Казалось, она не бывает одна, я не мог представить ее читающей. Всегда в движении, она была окружена шуршащими креп-жоржетовыми подругами, которые оставляли на моих щеках жирные равнодушные следы помады. Боже, как я это ненавидел. В тринадцать лет она взяла меня на море, там была шумная компания, какой-то модный художник и его блондинка с большим подвижным крупом. Бабушка перед летом долго сидела на диете, сделала подтяжку, диковинную по тем временам, и в 62 вновь расцвела. Я выглядел старше своих лет, это было некстати. «Ты будешь называть меня тетей», – решила она, и возражения не принимались. Но когда в моей жизни возникла Е-ова, бабушка была уже другой: круг ее знаменитостей поредел, а память ослабла, она записывала на отрывном календаре их дни рождения, но это не помогало: за хорошо сервированным столом было все больше пустых стульев. Пережив два инсульта, она растолстела, облысела и окончательно превратилась в московскую барыню, жесткую и жалкую. Когда я, полный мыслей о Е-овой, подходил, наконец, к ней прощаться, на меня с укоризной глядел печальный плешивый бегемот.

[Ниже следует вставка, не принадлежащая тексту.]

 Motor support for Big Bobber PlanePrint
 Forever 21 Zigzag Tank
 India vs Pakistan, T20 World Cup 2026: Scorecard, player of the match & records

После ее смерти я перетащил к себе фамильное бюро, из которого вывалилась целая коллекция очков, битых, без одного стекла, со сломанной дужкой, все они, аккуратно собранные, лежали по ящикам. Очки оказались сплошь дальнозоркие; бабушка их не выкидывала, боясь, что останется без книг, без чтения. При ее жизни я ничего этого не знал, не ведал. Смотрел прямо, а видел сбоку. Боковым зрением мы отмечаем чужую боль и, охваченные мимолетным сочувствием, бежим прочь. Прочь, прочь от бабушки, быстрее к Е-овой – там сутолока дней, там жизни суматоха. Там вздохи. «Сашенька, вы чудесно танцуете вальс. Давайте танцевать вальс». Лань, сущая лань, самая тонкая в мире талия. И плывет, плывет на меня ее юбка-колокол.
Но 6 февраля 2009 года я общался не с Е-овой. 6 февраля 2009 года я общался с тем светом, да-да, прямо по Козьме Пруткову – верные вести оттудова получила сама графиня Блудова. Да только ничего не поняла.
Бедная, бедная бабушка. Она все тщательно продумала, все гениально обставила, сначала в виде пролога сочинила раут у Антона: гляди, внук, как надо меня праздновать. Потом сигналила весь свой красный день, стучала, кричала, заставила меня в память о ней записывать дни рождения на бумажке, наконец, плюнула и, презрев девичью гордость, наслала на меня, такого дурака, Е-ову-разлучницу, отчаянно била в ее юбку-колокол, и все впустую. Я ничего не услышал. Я все пропустил. Наверное, так и должно проходить это общение. Оно осознается лишь тогда, когда его нет и не будет.
Боком коснулась, отошла прочь.
В Хуахине песок вдоль воды на многие прогулочные километры и лошади, и обезьяны, и цапли, и собаки, бегущие вдоль, свернувшиеся клубком, и щербатая тропическая зелень с редкими пунцовыми прыщами цветов, и убогий многоэтажный модернизм, и традиционный тайский срач, и посреди него птицы небесные, не сеют, не жнут, не собирают в житницы, но Господь кормит их, а они танцуют Матисса.